Project

General

Profile

Bug #9790

Zlib::GzipReader only decompressed the first of concatenated files

Added by quainjn (Jake Quain) almost 6 years ago. Updated 3 months ago.

Status:
Feedback
Priority:
Normal
Target version:
-
ruby -v:
2.1.1
[ruby-core:62257]
Tags:

Description

There is a similar old issue in Node that I came across that perfectly describes the situation in ruby:

https://github.com/joyent/node/issues/6032

In ruby given the following setup:

echo "1" > 1.txt
echo "2" > 2.txt
gzip 1.txt
gzip 2.txt
cat 1.txt.gz 2.txt.gz > 3.txt.gz

Calling:

Zlib::GzipReader.open("3.txt.gz") do |gz|
  print gz.read
end

would just print:

1

Files

zlib-gzreader-each_file-9790.patch (3.47 KB) zlib-gzreader-each_file-9790.patch jeremyevans0 (Jeremy Evans), 11/27/2019 03:35 PM

Related issues

Related to Ruby master - Bug #14804: GzipReader cannot read Freebase dump (but gzcat/zless can)OpenActions
Has duplicate Ruby master - Bug #11180: Missing lines with Zlib::GzipReaderOpenActions

Updated by drbrain (Eric Hodel) almost 6 years ago

  • Category set to ext
  • Status changed from Open to Assigned
  • Assignee set to drbrain (Eric Hodel)
  • Target version set to 2.2.0

Updated by akostadinov (Aleksandar Kostadinov) about 5 years ago

Because gzip format allows multiple entries with filename I'd suggest to support a method like Java's ZipInputStream getNextEntry() [1]. This way programmer can choose to read everything as one chunk of data or multiple chunks each with its own name.
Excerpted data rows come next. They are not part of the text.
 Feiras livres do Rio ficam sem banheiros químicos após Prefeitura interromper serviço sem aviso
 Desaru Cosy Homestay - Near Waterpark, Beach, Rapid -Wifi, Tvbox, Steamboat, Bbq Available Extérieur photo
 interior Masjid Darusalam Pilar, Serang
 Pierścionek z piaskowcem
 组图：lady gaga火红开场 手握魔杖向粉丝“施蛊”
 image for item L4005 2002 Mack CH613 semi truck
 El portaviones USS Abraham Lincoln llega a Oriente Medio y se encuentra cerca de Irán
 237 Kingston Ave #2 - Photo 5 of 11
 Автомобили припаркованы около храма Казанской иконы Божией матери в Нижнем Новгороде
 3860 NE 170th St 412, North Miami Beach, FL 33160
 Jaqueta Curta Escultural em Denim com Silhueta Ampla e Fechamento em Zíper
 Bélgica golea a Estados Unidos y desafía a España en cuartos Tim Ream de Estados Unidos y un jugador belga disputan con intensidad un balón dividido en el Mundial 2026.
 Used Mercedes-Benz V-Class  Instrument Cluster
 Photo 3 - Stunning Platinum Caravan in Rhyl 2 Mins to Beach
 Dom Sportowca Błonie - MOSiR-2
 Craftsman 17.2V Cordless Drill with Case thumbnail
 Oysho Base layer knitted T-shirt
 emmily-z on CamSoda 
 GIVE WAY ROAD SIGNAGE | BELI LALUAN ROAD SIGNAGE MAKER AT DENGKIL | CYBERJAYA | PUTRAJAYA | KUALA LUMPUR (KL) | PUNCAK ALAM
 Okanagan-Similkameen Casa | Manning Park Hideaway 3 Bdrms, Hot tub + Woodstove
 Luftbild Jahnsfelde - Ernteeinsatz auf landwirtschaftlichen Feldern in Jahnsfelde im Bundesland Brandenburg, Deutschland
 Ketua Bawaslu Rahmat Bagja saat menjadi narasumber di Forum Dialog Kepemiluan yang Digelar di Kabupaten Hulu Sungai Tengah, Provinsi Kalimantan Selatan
This would allow storing and then retrieving multiple files in/from one gz.

On the other hand the command line gzip utility only supports reading the whole thing as one. So a convenience method to read everything in one go, would also be nice.

[1] http://docs.oracle.com/javase/7/docs/api/java/util/zip/ZipInputStream.html

Updated by duerst (Martin Dürst) about 5 years ago

Aleksandar Kostadinov wrote:

Because gzip format allows multiple entries with filename I'd suggest to support a method like Java's ZipInputStream getNextEntry() [1]. This way programmer can choose to read everything as one chunk of data or multiple chunks each with its own name. This would allow storing and then retrieving multiple files in/from one gz.

Good idea, but it should be more Ruby-like, such as .each_file or so.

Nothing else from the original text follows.